● **Supplied records**
──────────────────────────────

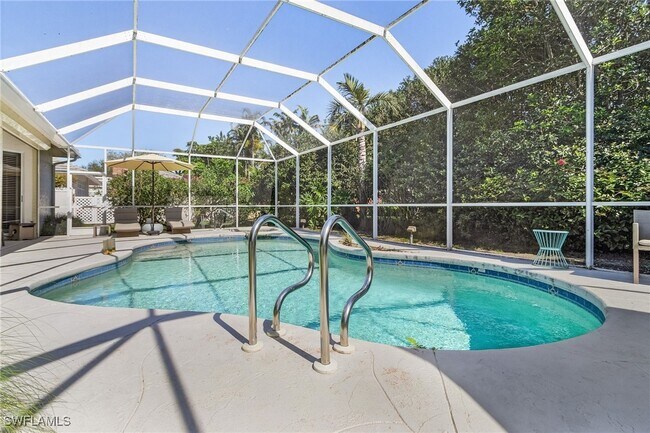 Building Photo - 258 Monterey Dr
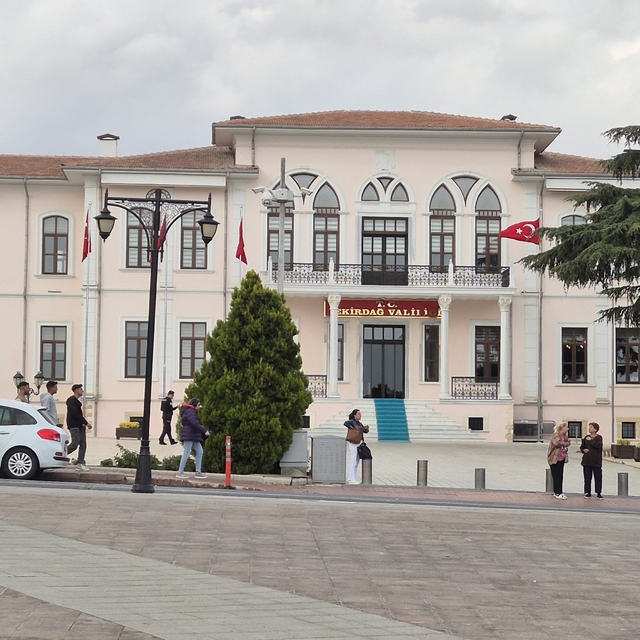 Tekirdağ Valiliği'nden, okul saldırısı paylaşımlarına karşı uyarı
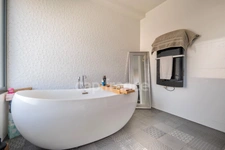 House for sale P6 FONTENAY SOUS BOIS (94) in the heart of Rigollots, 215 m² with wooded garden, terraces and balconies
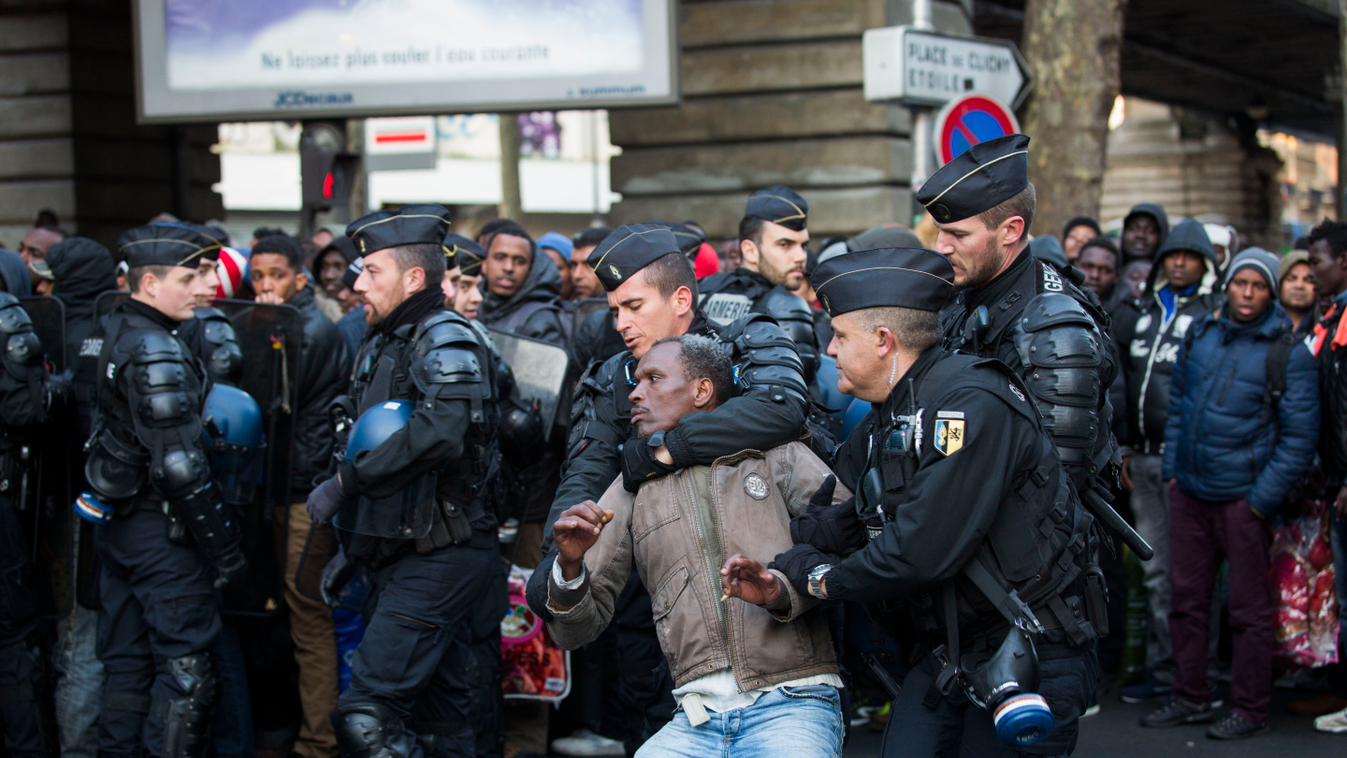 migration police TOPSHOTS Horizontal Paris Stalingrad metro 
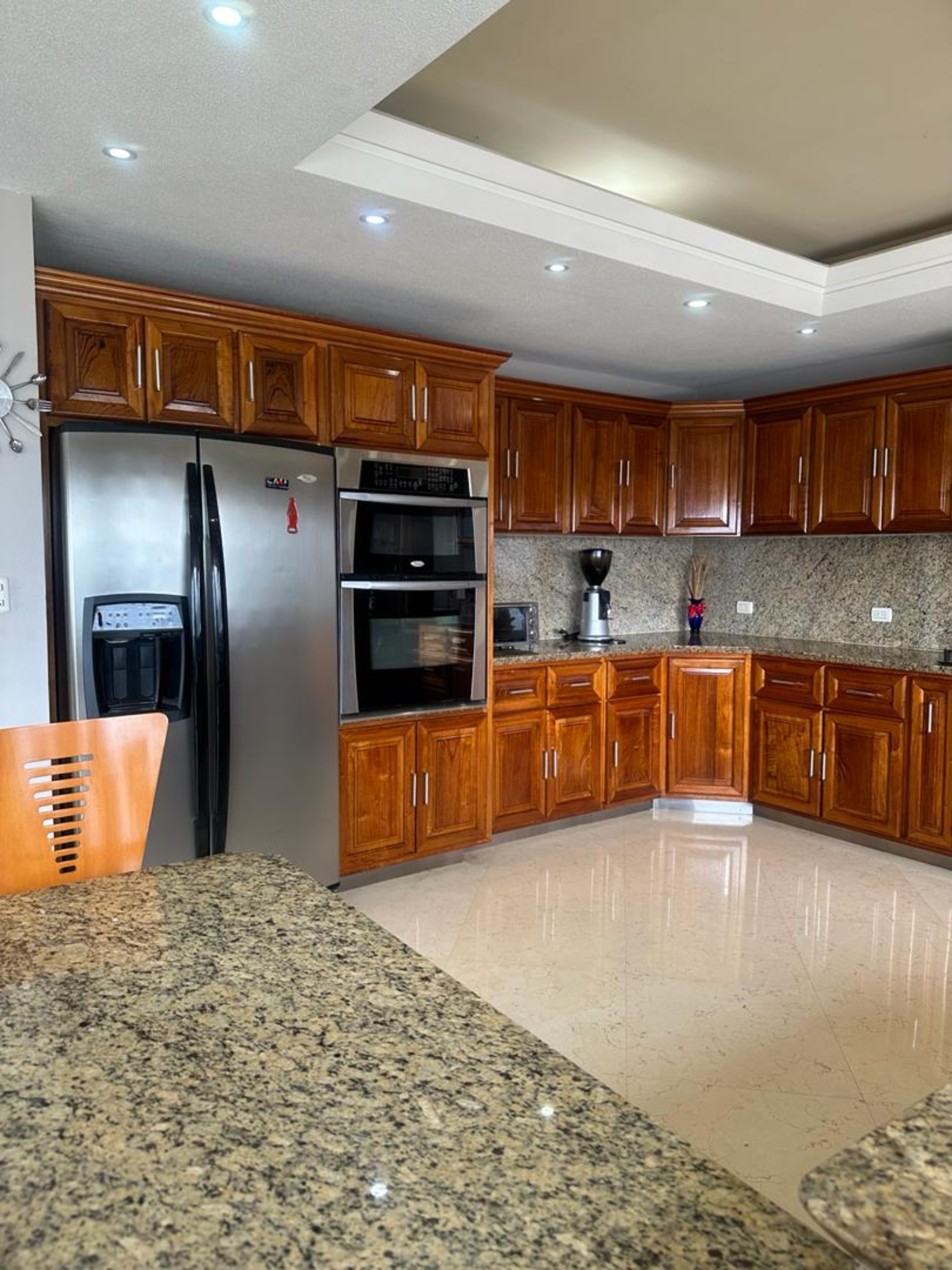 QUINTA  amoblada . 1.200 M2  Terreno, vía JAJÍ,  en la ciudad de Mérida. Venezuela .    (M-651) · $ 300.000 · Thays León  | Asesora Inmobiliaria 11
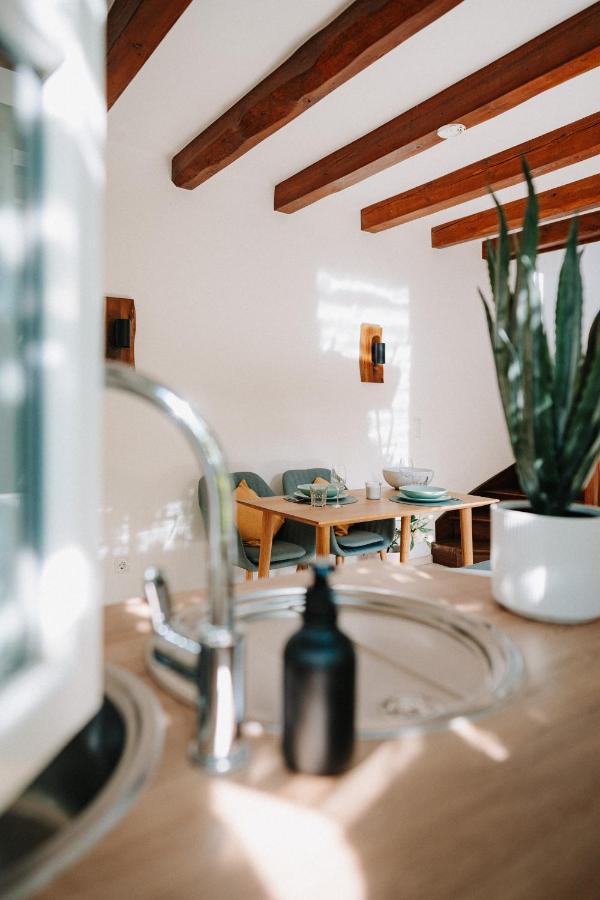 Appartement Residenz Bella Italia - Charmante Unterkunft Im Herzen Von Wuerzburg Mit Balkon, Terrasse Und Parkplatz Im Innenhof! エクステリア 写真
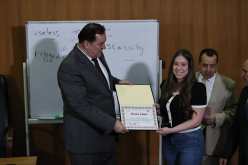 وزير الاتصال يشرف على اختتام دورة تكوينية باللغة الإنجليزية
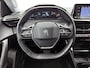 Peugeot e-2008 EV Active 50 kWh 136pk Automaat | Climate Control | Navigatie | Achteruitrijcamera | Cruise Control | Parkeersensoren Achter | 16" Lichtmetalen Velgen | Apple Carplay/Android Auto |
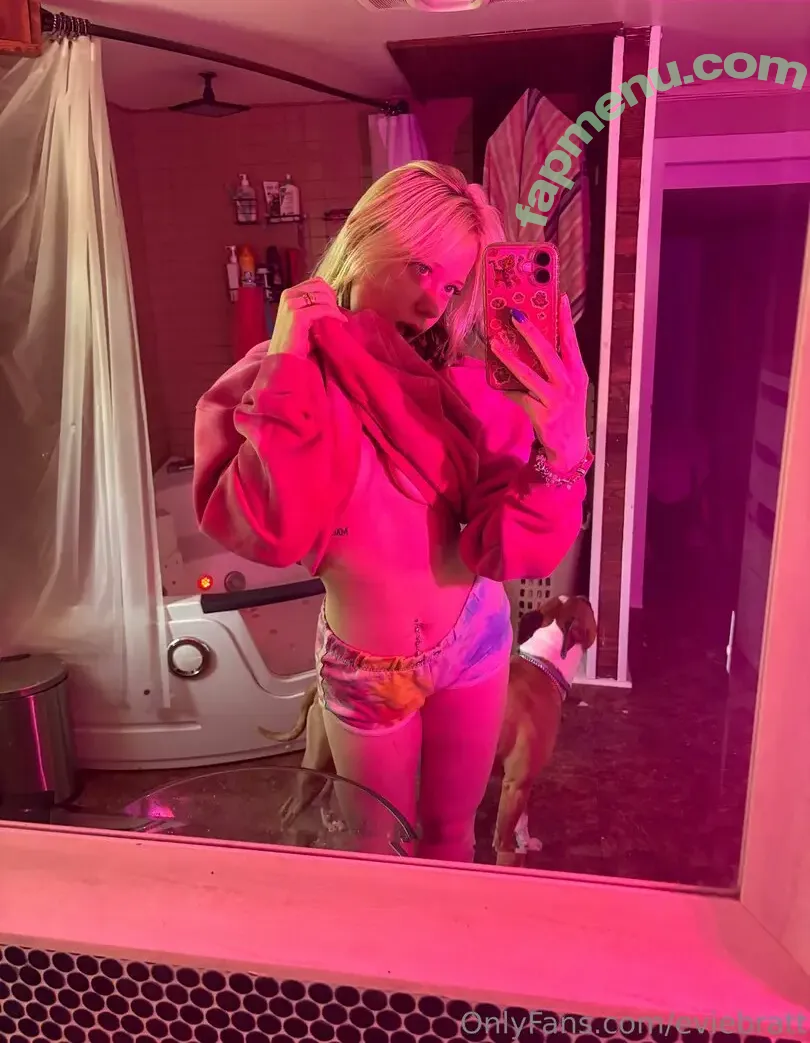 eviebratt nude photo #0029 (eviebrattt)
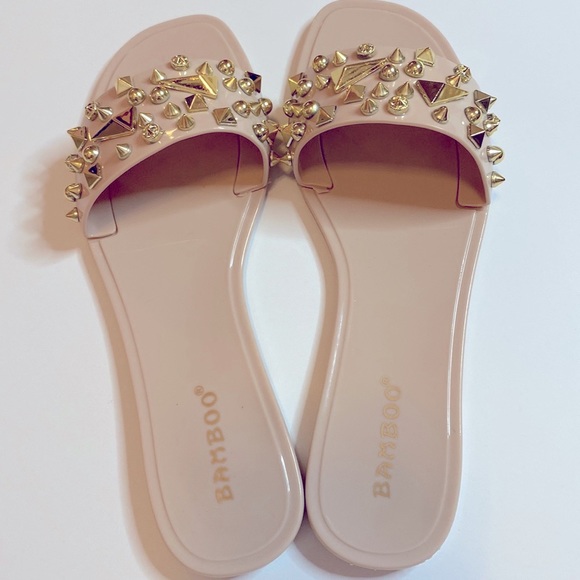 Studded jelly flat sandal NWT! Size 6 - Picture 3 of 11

──────────────────────────────

Give again, exactly, the lines starting at the first entry above and ending at the line with "وزير الاتصال يشرف"; please leave pictures out.

 Building Photo - 258 Monterey Dr
 Tekirdağ Valiliği'nden, okul saldırısı paylaşımlarına karşı uyarı
 House for sale P6 FONTENAY SOUS BOIS (94) in the heart of Rigollots, 215 m² with wooded garden, terraces and balconies
 migration police TOPSHOTS Horizontal Paris Stalingrad metro 
 QUINTA  amoblada . 1.200 M2  Terreno, vía JAJÍ,  en la ciudad de Mérida. Venezuela .    (M-651) · $ 300.000 · Thays León  | Asesora Inmobiliaria 11
 Appartement Residenz Bella Italia - Charmante Unterkunft Im Herzen Von Wuerzburg Mit Balkon, Terrasse Und Parkplatz Im Innenhof! エクステリア 写真
 وزير الاتصال يشرف على اختتام دورة تكوينية باللغة الإنجليزية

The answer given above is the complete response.